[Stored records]
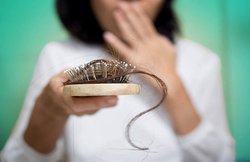 Hair Loss: बाल झड़ने के पीछे होते हैं कई कारण, तनाव है उनमें से एक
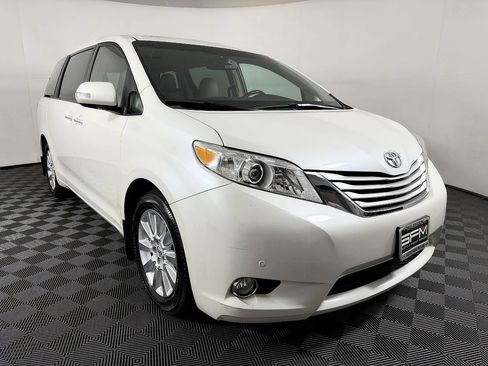 Used 2014 Toyota Sienna XLE AWD/4WD image 5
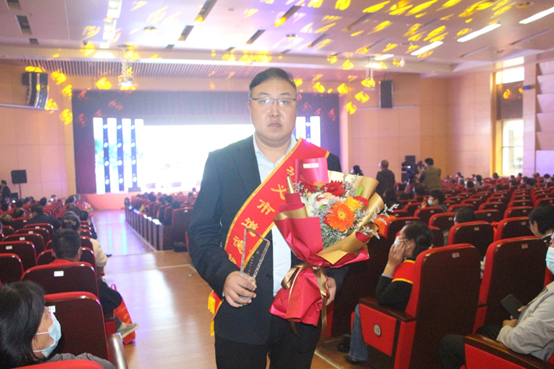 總經(jīng)理劉杰榮獲“第四屆鞏義市道德模范”榮譽(yù)稱號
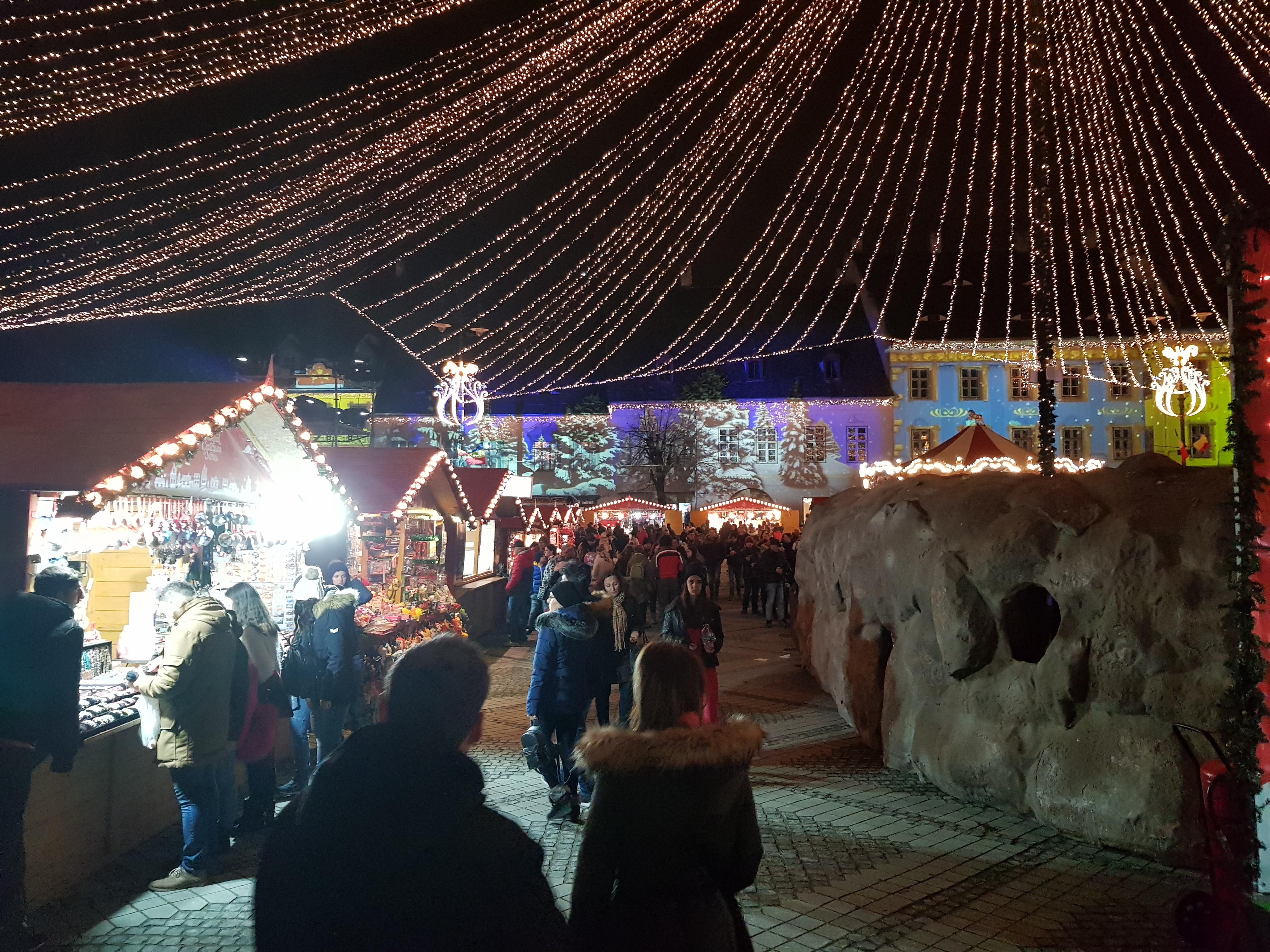 VIDEO&FOTO/ Mii de vizitatori la Târgul de Crăciun din Sibiu, la sfârșitul săptămânii trecute. O bucată din Viena, la prețuri de România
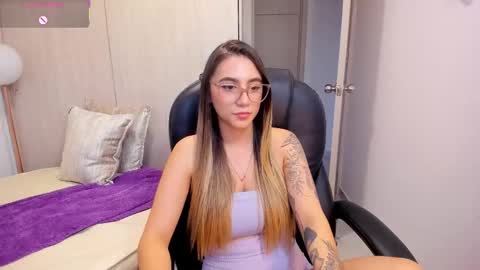 Snapshot of stacyconner chatting on October 22, 10:15 pm Stacy Conner online show from October 22, 10:15 pm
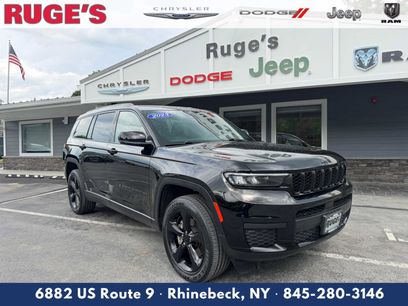 Used 2023 Jeep Grand Cherokee L Laredo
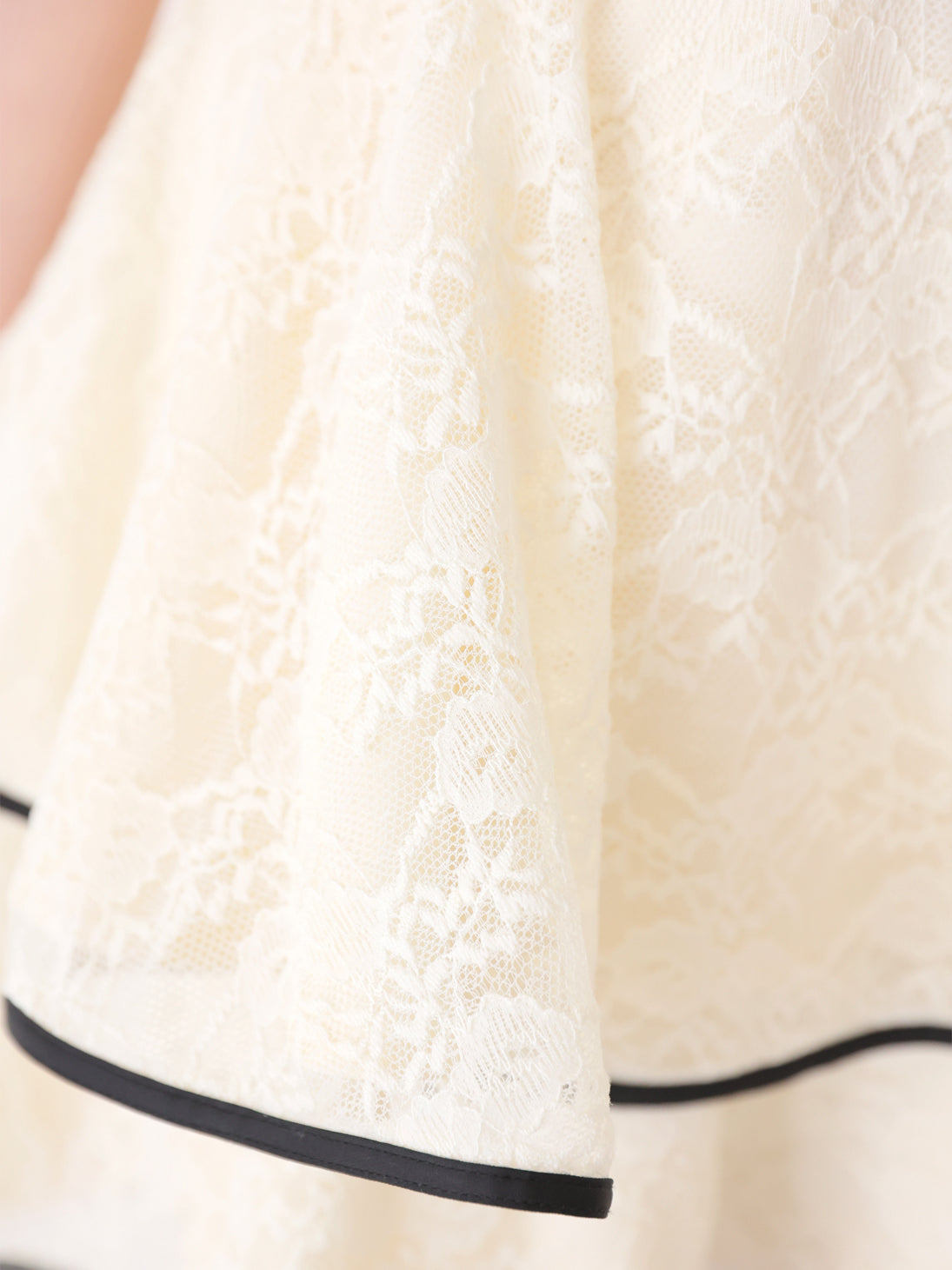 Piping ribbon lace mini onepiece(eme10848)
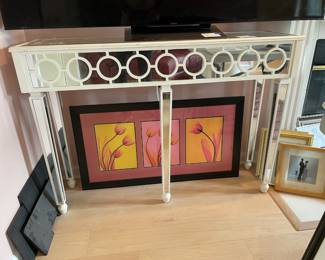 	#18	Silver Mirror w/circular panel console table	49x14x35		40.00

**BRIEF**
Write out, word for word, the lines from the first line of the entries through the one containing "VIDEO&FOTO/ Mii de", both included. Leave out the pictures.

**OUTPUT OF THE TASK**
 Hair Loss: बाल झड़ने के पीछे होते हैं कई कारण, तनाव है उनमें से एक
 Used 2014 Toyota Sienna XLE AWD/4WD image 5
 總經(jīng)理劉杰榮獲“第四屆鞏義市道德模范”榮譽(yù)稱號
 VIDEO&FOTO/ Mii de vizitatori la Târgul de Crăciun din Sibiu, la sfârșitul săptămânii trecute. O bucată din Viena, la prețuri de România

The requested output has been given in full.